A Systematic Investment Plan (SIP) is an organized way to spread your investment amount over time through regular fixed instalments. On the other hand, a lumpsum investment means depositing the entire chunk of money one time for some time.
Lumpsum investments should be preferred when you have a large chunk of money at hand that needs to be invested. The source of this chunk could be years of accumulated saving, inheritance, a gift, sale proceeds from an asset/s, etc. A big-ticket investment combined with the right market timing can prove to be very profitable for a lumpsum investment.
Typically, Mutual Funds that have provided a high-yielding profit history are popular for Mutual Fund Lumpsum payments. You can take maximum advantage of the Mutual Fund scheme by investing your chunk at the right timing in the market.
You can gather an amount significant enough to be a Lumpsum payment and deposit it as the principal amount in a Mutual Fund scheme of your choice.
SIP as well as Lumpsum payment both have their fair share of benefits.
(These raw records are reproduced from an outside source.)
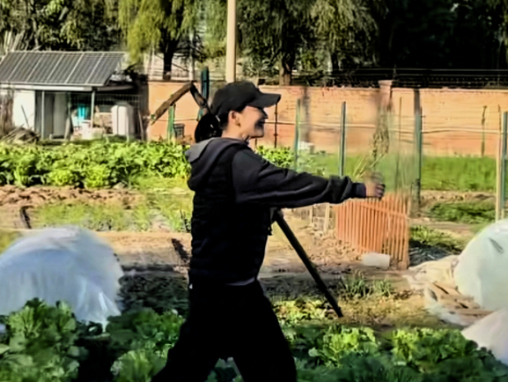 梅婷在圈里摸爬滚打了这么多年演过多少家喻户晓的经典角色，拿过多少专业奖项，名气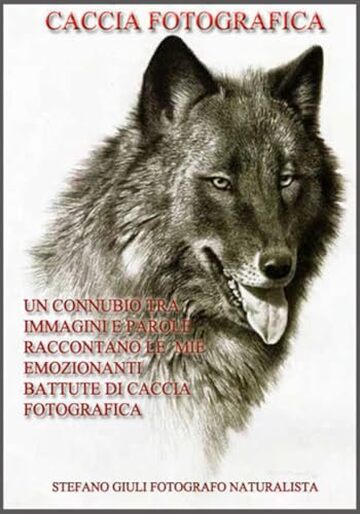 CACCIA FOTOGRAFICA - un connubio tra immagini e parole raccontano le mie emozionanti battute di caccia fotografica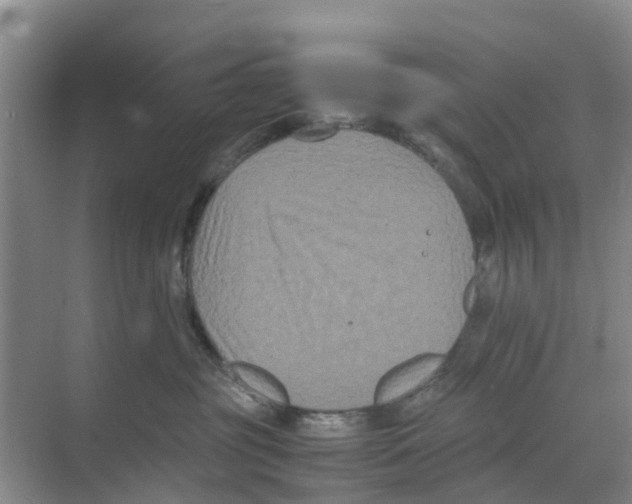 X0000070170381200606231927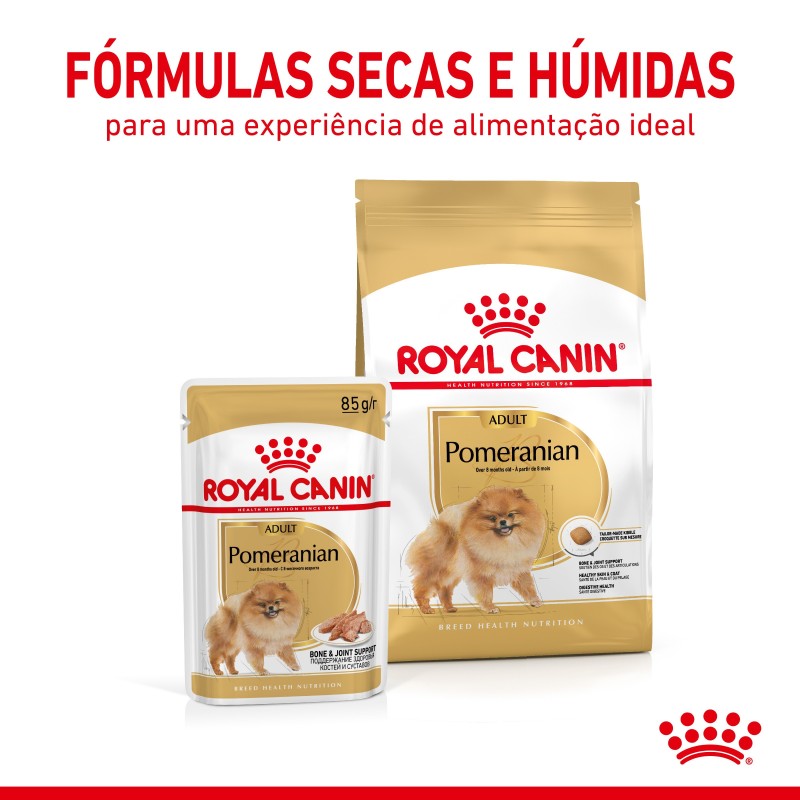 Royal Canin Pomerian Adult - Ração seca para cão adulto de raça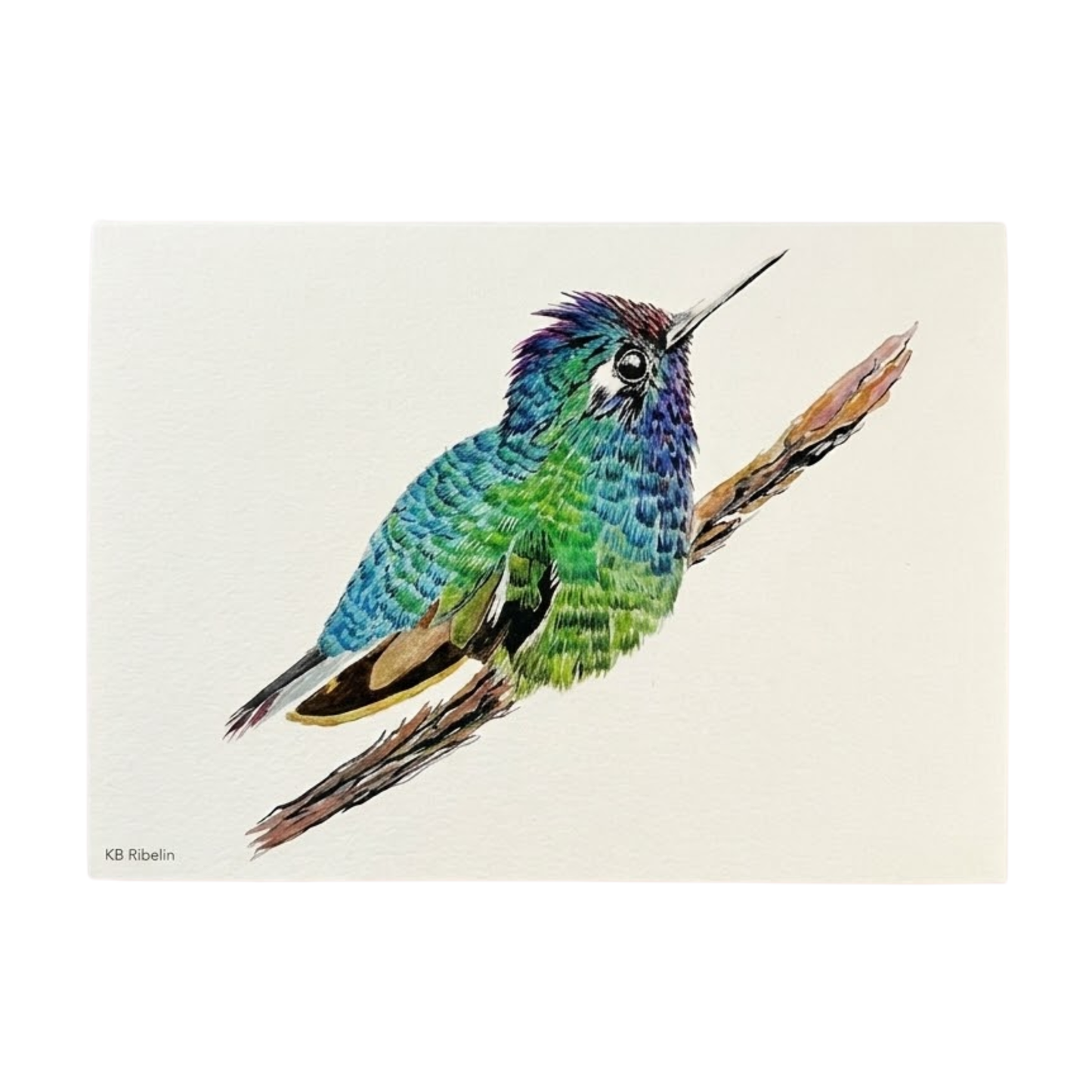 Violet-Headed Hummer Notecard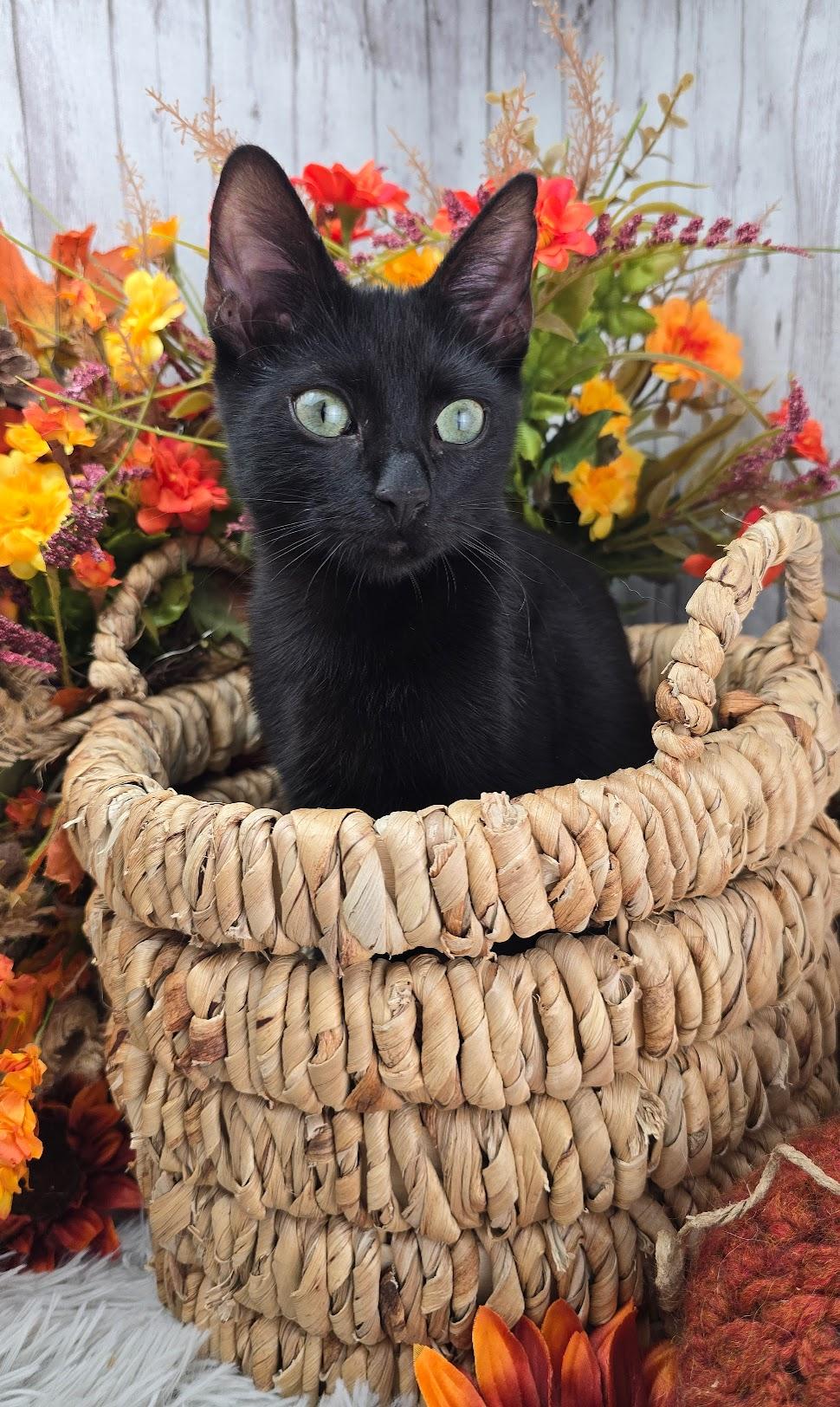 Lugnut  Aka Wuggywuggy thumbnail 2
A lumpsum investment does not require you to keep track of the NAV, instalment amount, and the time when the investment is to be done. SIPs inculcate financial disciple and make use of every market scenario throughout the investment.
A Mutual Fund Lumpsum Investment is when you invest your entire amount in a particular mutual fund scheme for some time (1 year, 3 years, etc.).
Anyone can invest a bulk amount in Mutual funds. Since lumpsum means one-time payment, the eligibility criterion is the minimum amount that can be invested in Mutual Funds. This varies from fund to fund, but generally, Rs. 5000 is the eligibility to invest a lumpsum amount
There is no upper limit on the amount that can be invested in a lumpsum Mutual Fund.